Though it’s merely 22 miles round-trip (short by backpacking standards), it’s a trek that makes you question how tough you truly are, how rugged, and what being an outdoorsmen really means when the energy of a thousand trees threatens to consume any open space available.
The Na Pali coast, translating to “high cliffs” of Kauai, is a place that surprises you with its tenuous difficulty. Its statistics would tell you that it’s merely a hike, one that demands slight exertion and relative peace, whereas the feet of those who have walked it would tell you otherwise.
This trail that weaves its way in and out of more than a dozen valleys and coves never lacks in elevation change and contains more traipsing through dense brush than any other designated trail I’ve seen, aside from the adventures I experienced in Alaska.

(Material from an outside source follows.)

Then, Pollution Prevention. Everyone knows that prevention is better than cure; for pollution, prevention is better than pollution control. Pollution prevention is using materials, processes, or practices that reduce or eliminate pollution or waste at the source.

A hike like this a constant mental roller coaster that varies from “Why the heck am I doing this?!” to “That must be the most beautiful ocean on the whole planet” and so when my feet were finally planted back at sea level, I had eaten at least half my body weight, I took a holy shower cleansing the sweat, grime, and essentially the shell of an old self—a shell full of ego and consciousness— off of me, and slept 12 hours, it’s comes as no surprise to me that the profound experience of peace that came after made every step worthwhile.
On the Na Pali Coast, everything is alive and the ocean crashes in crisp perfection. The blues fade to teal and the teals glow with white. The ocean moves eternally in a great, blissful ripple..

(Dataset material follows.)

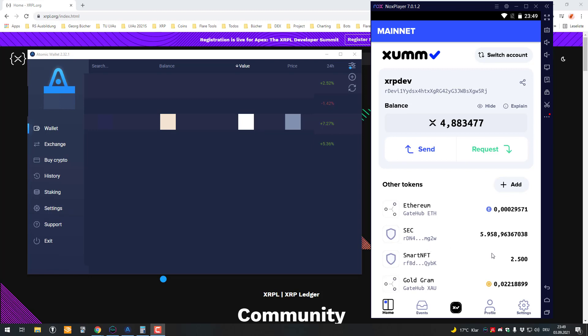Welcome. In this video I'm going to show you how you can import the Atomic Wallet XRP account into the Xumm Wallet.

So yes, the Kalalau Trail is not easy and it’s not like most hikes you may have tackled. But it’s raw and it’s real and it’s the essence of Hawaii. It’s a trek you will never forget.
Kalalau Trail Tips
Kalalau Trail Permits
The Kalalau is challenging for sure but what’s more challenging than the trek itself is snagging a permit to spend the night at one of the world’s most beautiful beaches.
Fortunately, getting a permit does not currently require a random lottery but you do have to plan in advance. Click here to search for permit availability Hawaiian DLNR online reservation system. Permits cost $20 per person per night.
How far in advance you need to plan depends a lot on the time of year. Permits become available 90 days in advance however in the summer, permits sell out within minutes.
Best Time to Hike the Kalalau Trail
Due to its location in beautiful Hawaii, the Kalalau Trail is graced with warm weather and can be hiked year-round.
That being said, Kauai, the Garden Isle, is known as the wettest place on earth and if you plan on visiting from November through May, you’re much more likely to experience rain.
The trek can still be done in the rain but it gets sketchy. With how hard it is to get a permit, most people don’t choose to forfeit their reservation just because of rain in the forecast. On the positive side, winter permits are much easier to get.
During our trip on the Kalalau Trail in late January, we somehow managed to score a few days of great weather between the storms that preceded and followed our trek. In the wintertime, it’s really all luck. You might score a sunny, crowd-free trail or you may get soaked.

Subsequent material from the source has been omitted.